2日、この日は朝食前にホテルを出て日の出前から早朝のツルたちの姿を観察に出かけました。はじめは塒に固まっていたツルたちが日の出に合わせるように動き出し、餌場にやってきました。昨日は遠くに見えたクロヅルが間近に見られましたが、カナダヅルは今年はなかなかいい場所にはやってきてくれませんでした。一旦朝食に戻った後は再び出水平野に向かい、まずはミヤマガラスの群れを観察しました。数百羽の群れは地上で採食しながら移動し、時には電線に群れていました。ミヤマガラスがいればだいたいコクマルガラスがいることから探してみましたが、意外にもその数は少なく、幼鳥個体が僅かに見られたのみでした。ただ周辺にある牛舎付近にはホシムクドリが群れ、木に止まったり、地上で採食したりして間近にその姿を堪能することができました。そして最後は再び干拓地に向かいカナダヅルを探しましたが、やはり距離感が変わりなかったので、バスを近くに停車させてバスの中から観察、撮影をして観察を終了しました。この後は1時間強移動して別のポイントに向かいました。到着時はまだまだ潮位が高かったことからまずは各自昼食をとっていただき、その後13:00から観察を開始しました。海面に出た杭の上にはダイゼンが佇み、周囲にはニュウナイスズメが群れていました。また遠くの電線には綺麗に並んだアトリの群れが見られ、小鳥を狙ってかチョウゲンボウが飛んでいました。少しずつ潮位が下がっていくと各所からセグロカモメが集まりだし、どこからともなく3羽のクロツラヘラサギが干潟めがけて飛んできました。また潮位がかなり下がり干潟が現れ始めるとシギ類も集まりだし、ハマシギ、シロチドリ、ダイゼン、ダイシャクシギなどが見られ、驚いたことにミヤマガラスの群れも干潟で採食していました。ただ、期待していたズグロカモメが1羽も現れず残念でした。その後はさらに北上して干拓地に立ち寄りました。ここでは過去にナベヅルとマナヅルが少数見られましたがここ数年はほとんどその姿を見ることがなくなりましたが、ホシムクドリの群れが見られるため立ち寄るようになりました。まずはトイレ休憩をとってから干拓地に向かいましたが、いきなり電線に止まる2羽のカササギが見られ、バスの中からでしたがじっくりとその姿を見ることができました。干拓地内のポイントでは水路にクロツラヘラサギの姿があり、木々に止まるホシムクドリの群れ、電柱に止まるチョウゲンボウなどが見られ、この日の探鳥を終了しました。

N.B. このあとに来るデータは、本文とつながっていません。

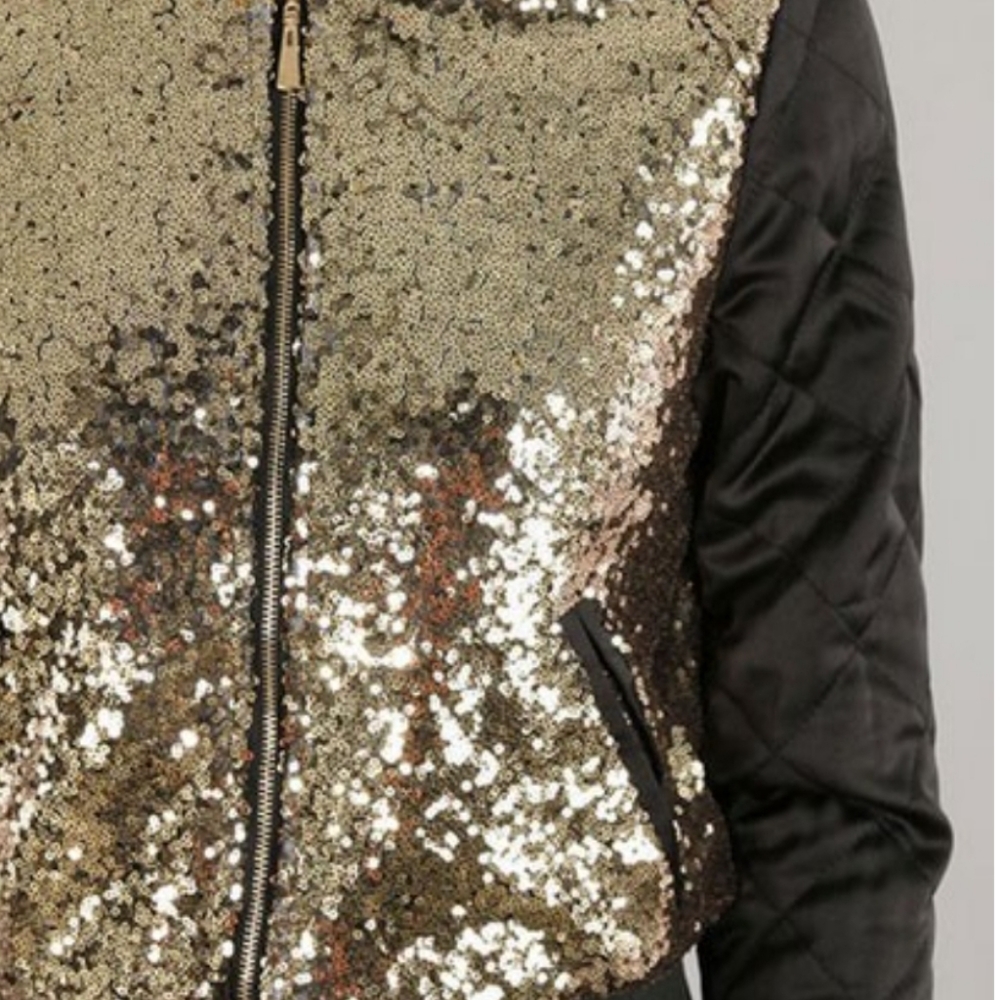 bomber jacket - Picture 3 of 5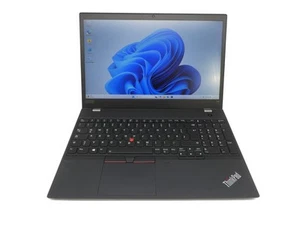 Lenovo ThinkPad T15 i5-10310U 16GB 512GB 1920x1080 USB-C HDMI Webcam WIN11 - Afbeelding 1 van 5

3日、この日の夕方から九州地方は天候が崩れるとのことで心配でしたが、穏やかな朝を迎えることができました。朝食後はやや時間があったことからホテルから僅かな距離にある場所で探鳥しました。ここも同様にカモ類の姿は少なく、代わって複数のタゲリ、アオアシシギが楽しませてくれました。カモ類はほとんどがヒドリガモ、マガモ、カルガモでしたが、遠くに群れるヨシガモの姿もありました。その後はいよいよこのツアーのもう一つのメイン探鳥地である有明海の干潟に向かいました。到着時はまだまだ潮位が低いことからまずは公園内を歩きました。公園内ではいきなり「カシャッ、カシャッ」というカササギの声が聞かれ、2羽のカササギが地面を歩くなどしてその姿を楽しませてくれました。またムクドリの群れに混じる1羽のホシムクドリ、地面採食するシロハラ、針葉樹にはキクイタダキの姿がありました。干潟を一望できる場所までくるとその広大さに歓声が上がっていました。その後は干潟まで歩き、佇むクロツラヘラサギの群れ、ハマシギ、ダイゼン、ダイシャクシギ、波打ち際で採食しているツクシガモの群れなどを観察しました。この日は昼前に満潮に達することからその1時間半ほど前から観察を始めたのですが、みるみるうちに潮位が高くなり、はじめは遠くに群れていたハマシギやダイゼン、ダイシャクシギが時間を追うごとに目の前にやってきてくれ、どこからともなくミヤコドリの群れもやってきてくれました。シギたちが近くにやってきてくれたことからその中に混じっていたシロチドリ、メダイチドリ、トウネン、普段は淡水域で見ることが多いツルシギやオオハシシギ、アカアシシギなどを見つけることもできました。またダイシャクシギに混じるホウロクシギ、チュウシャクシギも最後は間近に観察することができ、昨日見ることができなかったズグロカモメに関しても乱舞する様子や干潟に降りている姿などさまざまな姿を観察することができました。ただ潮位が満潮になった頃からは西の空が曇り始め、冷たい強風が吹き始めました。その後はバスに戻って昼食の時間としましたが、強風に乗って小雪が舞ってきたため少々早く出発し、通行止めの可能性がある峠越えルートは回避して高速道路を経由して福岡県に向かいました。このツアー最後の探鳥地は今津湾に面した河口です。ここでは強風の中での探鳥となってしまい寒さが厳しい状況でしたが、ヨシ原内からはツリスガラの声が聞こえていました。ただ風が強いせいかなかなか姿を見せてはくれませんでした。堤防を上がるとさらに寒さが堪えましたが、中州にはツクシガモの群が見られ見事な色合いが楽しめました。また当地ではすっかりおなじみとなっているミサゴの飛翔が見られました。翌日から九州地方は再び雪予報とのことで良いタイミングで訪れることができた3日間でした。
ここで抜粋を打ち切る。